O que diriam Hitler e Goebbels, se pudessem ter assistido, sobre a performance dos dois presidentes Bush, diante da maestria que demonstraram ao impingir o medo à sociedade americana, em censurar a imprensa e criar a visão de povos inferiores que ameaçavam, e poderiam, dominar a desenvolvida e civilizada nação norte-americana?
Essa pergunta é para ser respondida por uma análise profunda, mais uma vez, do exemplo alemão, após o episódio nazista.
A Alemanha implantou uma nova Constituição Democrática e, 60 anos depois, ainda a cumpre e sua imprensa é livre e critica, atuando em favor da sociedade.
O grande risco, para as democracias, é justamente quando interesses partidários se enquistam no poder, criam um núcleo paralelo, que acaba sendo maior que o estado formal, e passam a dar as cartas, conforme os interesse pouco escrupulosos de seus membros, famílias e grupelhos, de vontades criminosas.

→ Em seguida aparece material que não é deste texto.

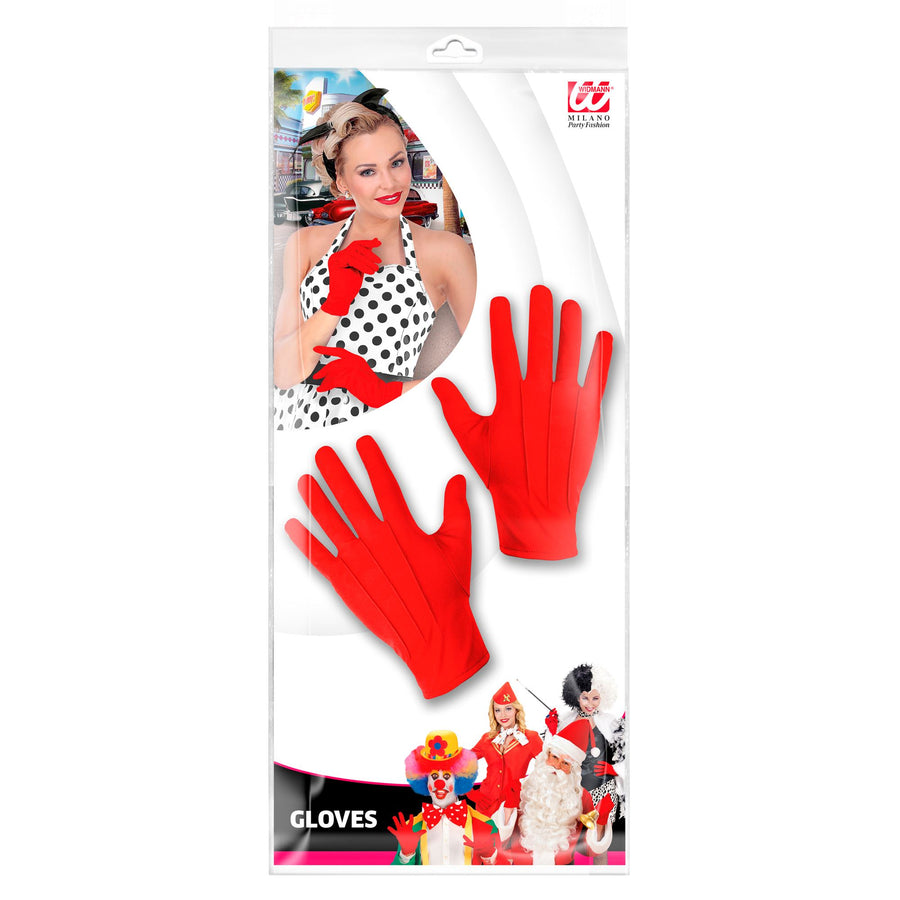 "HANDSCHUHE" rot – Detailansicht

A reflexão vale para todas as sociedades. Principalmente em nossa América Latina, tão apressada em seguir exemplos pouco estudados.
Por isso é que o revezamento no poder, e do poder, é uma regra democrática essencial. A renovação traz a mudança e evita o golpe e a mentira como instrumentos de dominação e perpetuação de governos ou regimes.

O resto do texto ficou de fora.